▶ **Work task**
The whole listing that follows is to be restated word for word, images excluded.

▶ **Dataset excerpt**
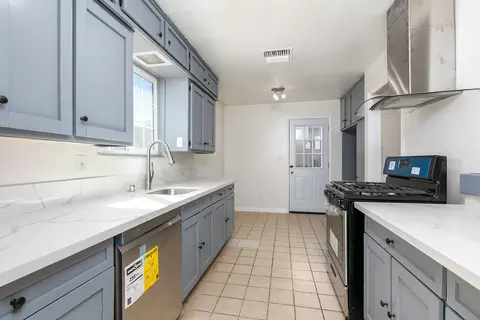 37853 E 11th St, Palmdale, CA 93550 photo 3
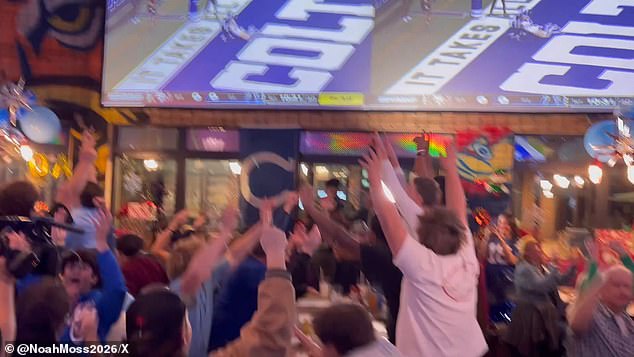 Des joueurs du lycée de Rivers célèbrent sa passe de touchdown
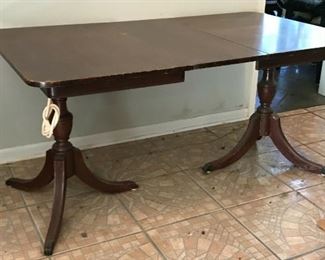 https://www.ebay.com/itm/114561594271	FL0009 Duncan Phyfe SOLID WOOD TABLE DESK WITH 1 LEAF EXTENSION Pickup Only	300	 OBO 
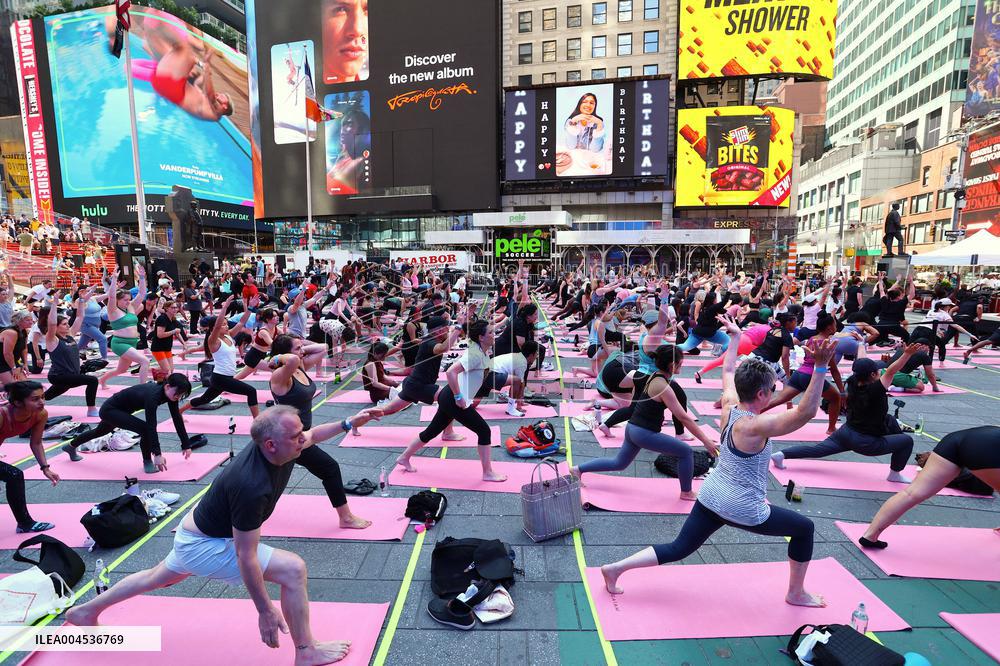 Solstice Yoga in Times Square - NYC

▶ **Completed exercise**
 37853 E 11th St, Palmdale, CA 93550 photo 3
 Des joueurs du lycée de Rivers célèbrent sa passe de touchdown
 https://www.ebay.com/itm/114561594271	FL0009 Duncan Phyfe SOLID WOOD TABLE DESK WITH 1 LEAF EXTENSION Pickup Only	300	 OBO 
 Solstice Yoga in Times Square - NYC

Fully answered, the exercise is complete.